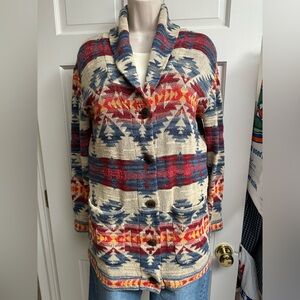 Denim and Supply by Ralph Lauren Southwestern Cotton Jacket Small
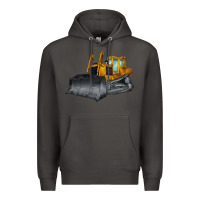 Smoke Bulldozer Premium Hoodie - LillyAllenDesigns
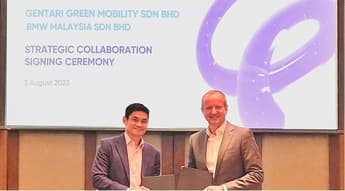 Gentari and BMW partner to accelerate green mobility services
········
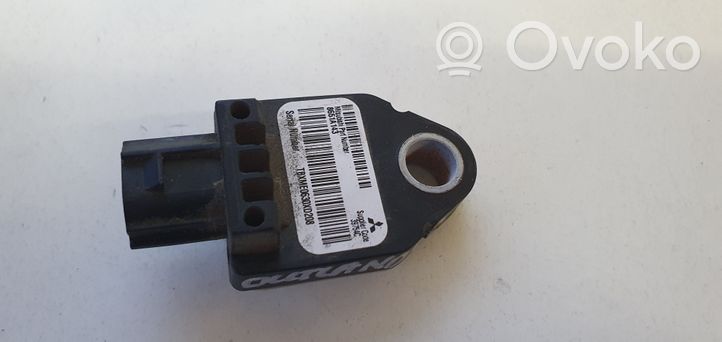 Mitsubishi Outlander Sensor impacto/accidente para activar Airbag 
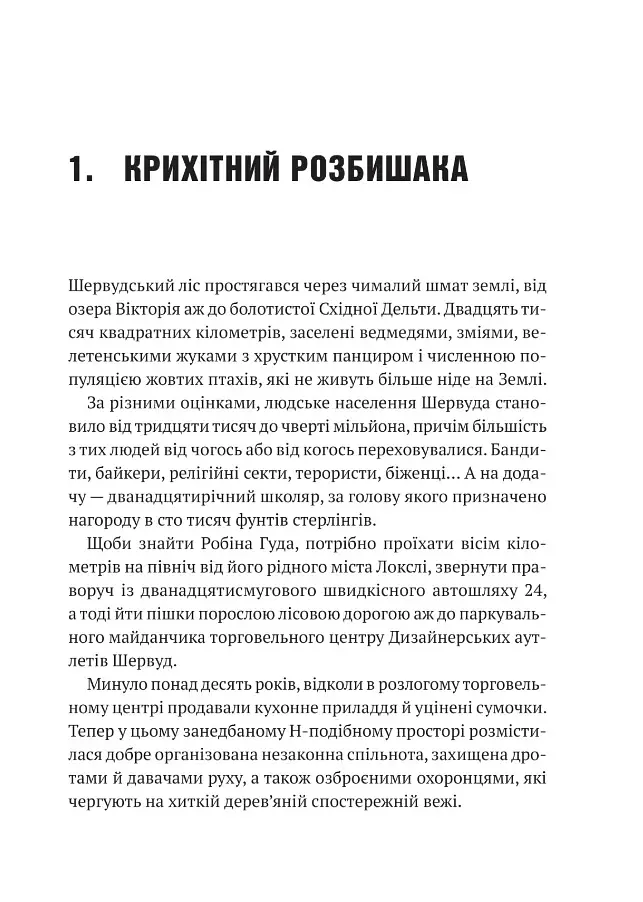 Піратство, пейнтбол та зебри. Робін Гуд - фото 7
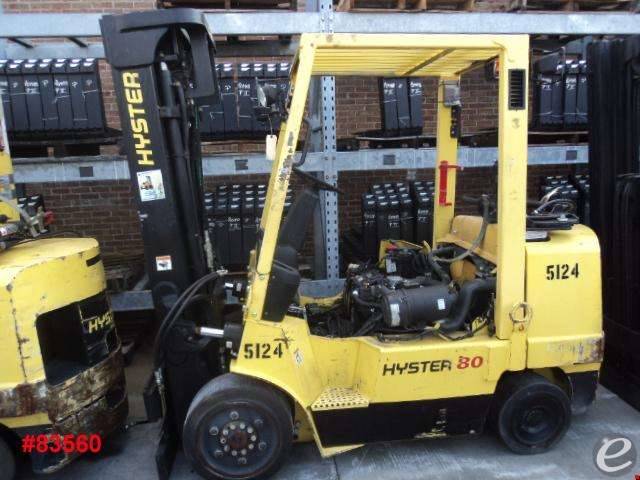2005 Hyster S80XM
········
Among the records above, locate the line containing "Mitsubishi Outlander Sensor" and the line containing "2005 Hyster S80XM", then transcribe exactly the lines starting at the first and ending at the second, with no pictures.

 Mitsubishi Outlander Sensor impacto/accidente para activar Airbag 
 Піратство, пейнтбол та зебри. Робін Гуд - фото 7
2005 Hyster S80XM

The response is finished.